IDEA: If $$G$$ is a group with $$K < G$$ is the operation $$(aK)(bK) = abK$$ on the quotient structure well-defined? … (if and) only if $$K$$ normal in $$G$$.

THM: Suppose $$K$$ is a subgroup of $$G$$. The following are equivalent. (1) $$(aK)(bK) = abK$$ for all $$a,b \in G$$ (mid-20th century style) … (2) $$K = \ker({\varphi})$$ for some group homomorphism $${\varphi}\colon G \to H$$.

CORO: If $$G$$ acts on a set $$B$$ and $$B \subset A$$, then the subgroup $${\text{Stab}_{G} \left( A \right)}$$ is normal in … $${\text{Norm}_{G} \left( A \right)}$$.

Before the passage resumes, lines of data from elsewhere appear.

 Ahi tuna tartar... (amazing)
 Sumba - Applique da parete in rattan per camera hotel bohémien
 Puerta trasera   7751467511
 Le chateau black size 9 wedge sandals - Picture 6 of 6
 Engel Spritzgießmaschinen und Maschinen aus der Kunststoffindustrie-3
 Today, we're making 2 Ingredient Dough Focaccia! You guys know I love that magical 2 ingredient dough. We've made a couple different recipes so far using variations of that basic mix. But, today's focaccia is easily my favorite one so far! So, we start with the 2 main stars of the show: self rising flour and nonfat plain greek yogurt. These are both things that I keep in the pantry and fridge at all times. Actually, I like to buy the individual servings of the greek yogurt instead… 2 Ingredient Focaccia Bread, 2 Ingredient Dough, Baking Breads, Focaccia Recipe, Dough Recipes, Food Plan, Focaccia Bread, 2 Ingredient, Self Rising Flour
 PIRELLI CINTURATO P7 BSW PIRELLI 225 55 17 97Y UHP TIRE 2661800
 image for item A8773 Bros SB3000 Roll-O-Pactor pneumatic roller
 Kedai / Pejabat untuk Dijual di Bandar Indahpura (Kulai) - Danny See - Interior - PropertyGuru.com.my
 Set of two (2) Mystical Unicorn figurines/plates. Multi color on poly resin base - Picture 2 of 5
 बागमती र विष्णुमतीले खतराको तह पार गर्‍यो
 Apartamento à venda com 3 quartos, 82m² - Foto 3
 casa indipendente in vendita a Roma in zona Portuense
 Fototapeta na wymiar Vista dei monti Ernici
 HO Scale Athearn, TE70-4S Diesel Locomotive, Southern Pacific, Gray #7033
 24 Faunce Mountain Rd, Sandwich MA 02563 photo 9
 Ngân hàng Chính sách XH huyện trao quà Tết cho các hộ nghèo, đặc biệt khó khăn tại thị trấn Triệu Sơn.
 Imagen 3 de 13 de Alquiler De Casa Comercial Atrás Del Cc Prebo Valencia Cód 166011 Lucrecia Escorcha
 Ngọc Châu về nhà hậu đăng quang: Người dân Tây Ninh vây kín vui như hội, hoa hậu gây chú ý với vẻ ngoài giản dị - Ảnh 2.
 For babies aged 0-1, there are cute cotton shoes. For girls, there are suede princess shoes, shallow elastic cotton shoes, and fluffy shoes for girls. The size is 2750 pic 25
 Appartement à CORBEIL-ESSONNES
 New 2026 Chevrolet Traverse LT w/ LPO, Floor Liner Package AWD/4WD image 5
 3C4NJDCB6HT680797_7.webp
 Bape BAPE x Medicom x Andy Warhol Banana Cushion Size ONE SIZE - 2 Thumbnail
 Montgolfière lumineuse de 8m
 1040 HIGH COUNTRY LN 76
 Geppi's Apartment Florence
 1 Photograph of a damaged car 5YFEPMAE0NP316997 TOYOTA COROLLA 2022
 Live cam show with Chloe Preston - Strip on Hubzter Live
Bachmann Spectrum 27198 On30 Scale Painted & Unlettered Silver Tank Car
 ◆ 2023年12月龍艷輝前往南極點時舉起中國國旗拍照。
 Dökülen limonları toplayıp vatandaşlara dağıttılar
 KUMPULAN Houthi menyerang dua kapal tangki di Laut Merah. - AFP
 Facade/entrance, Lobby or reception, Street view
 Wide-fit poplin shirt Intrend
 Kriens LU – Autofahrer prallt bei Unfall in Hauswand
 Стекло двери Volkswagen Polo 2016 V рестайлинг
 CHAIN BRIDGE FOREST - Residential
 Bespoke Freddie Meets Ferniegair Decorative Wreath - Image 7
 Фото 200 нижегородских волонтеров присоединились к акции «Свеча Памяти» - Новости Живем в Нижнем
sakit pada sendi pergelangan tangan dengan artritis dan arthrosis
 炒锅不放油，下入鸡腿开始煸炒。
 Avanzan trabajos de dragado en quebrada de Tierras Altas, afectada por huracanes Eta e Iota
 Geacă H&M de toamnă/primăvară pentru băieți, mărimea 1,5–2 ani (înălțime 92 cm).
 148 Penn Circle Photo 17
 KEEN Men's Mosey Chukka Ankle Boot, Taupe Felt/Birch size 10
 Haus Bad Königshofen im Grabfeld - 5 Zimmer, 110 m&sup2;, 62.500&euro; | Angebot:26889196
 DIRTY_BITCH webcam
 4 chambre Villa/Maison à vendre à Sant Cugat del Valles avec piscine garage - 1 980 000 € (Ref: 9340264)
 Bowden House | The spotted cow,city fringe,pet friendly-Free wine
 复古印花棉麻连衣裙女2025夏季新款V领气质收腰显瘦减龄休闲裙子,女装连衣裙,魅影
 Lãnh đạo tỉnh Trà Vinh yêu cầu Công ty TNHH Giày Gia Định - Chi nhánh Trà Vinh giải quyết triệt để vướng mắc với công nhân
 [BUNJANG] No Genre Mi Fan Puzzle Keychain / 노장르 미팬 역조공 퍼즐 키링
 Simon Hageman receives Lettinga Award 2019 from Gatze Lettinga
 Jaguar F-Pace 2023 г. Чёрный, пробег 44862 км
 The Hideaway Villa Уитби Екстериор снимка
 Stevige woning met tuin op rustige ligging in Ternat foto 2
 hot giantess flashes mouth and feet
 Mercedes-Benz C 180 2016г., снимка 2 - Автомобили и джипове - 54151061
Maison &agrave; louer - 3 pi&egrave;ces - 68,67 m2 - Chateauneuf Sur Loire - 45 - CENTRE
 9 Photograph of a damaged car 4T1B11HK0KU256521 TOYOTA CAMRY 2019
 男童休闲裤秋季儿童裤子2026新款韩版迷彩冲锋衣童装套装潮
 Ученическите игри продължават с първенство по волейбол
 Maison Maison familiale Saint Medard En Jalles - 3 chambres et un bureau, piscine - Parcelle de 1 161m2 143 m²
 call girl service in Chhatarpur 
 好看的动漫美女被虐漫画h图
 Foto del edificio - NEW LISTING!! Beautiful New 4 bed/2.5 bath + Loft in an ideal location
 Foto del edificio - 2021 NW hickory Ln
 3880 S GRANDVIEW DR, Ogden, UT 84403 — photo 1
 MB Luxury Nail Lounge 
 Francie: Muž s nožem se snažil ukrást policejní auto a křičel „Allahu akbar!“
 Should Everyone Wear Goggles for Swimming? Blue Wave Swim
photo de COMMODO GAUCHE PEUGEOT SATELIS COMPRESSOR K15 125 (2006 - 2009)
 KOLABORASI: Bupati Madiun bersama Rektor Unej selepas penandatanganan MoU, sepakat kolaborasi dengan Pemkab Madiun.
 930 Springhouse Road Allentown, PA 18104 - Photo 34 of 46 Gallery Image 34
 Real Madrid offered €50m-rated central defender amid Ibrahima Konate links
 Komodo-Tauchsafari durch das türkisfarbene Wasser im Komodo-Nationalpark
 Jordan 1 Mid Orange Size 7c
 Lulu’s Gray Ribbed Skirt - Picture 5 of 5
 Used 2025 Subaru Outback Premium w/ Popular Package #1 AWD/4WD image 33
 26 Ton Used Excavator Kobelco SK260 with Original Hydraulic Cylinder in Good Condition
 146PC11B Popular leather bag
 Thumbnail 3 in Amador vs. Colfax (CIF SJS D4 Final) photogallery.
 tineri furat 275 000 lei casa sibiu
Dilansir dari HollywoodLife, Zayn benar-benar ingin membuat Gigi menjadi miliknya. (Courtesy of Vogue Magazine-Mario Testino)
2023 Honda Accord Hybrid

DEF: Let $$N$$ be a normal subgroup of the group $$G$$. The homomorphism $$\pi \colon G \to G/N$$ defined by $$\pi(g) = gN$$ is … the natural projection (or homomorphism) of $$G$$ onto $$G/N$$.

DEF: If $$\bar{H} \le G/N$$ is a subgroup, the complete preimage of $$\bar{H}$$ in $$G$$ is the preimage of $$\bar{H}$$ under the natural projection.

• related to saturated? in topology? in measure theory?

PROP: The complete preimage of a subgroup $$\bar{H}$$ of $$G/N$$ contains … $$N$$ and itself a subgroup of $$G$$.

For Monday’s review, we listed our favorite equivalences to the statement $$N \triangleleft G$$, groups.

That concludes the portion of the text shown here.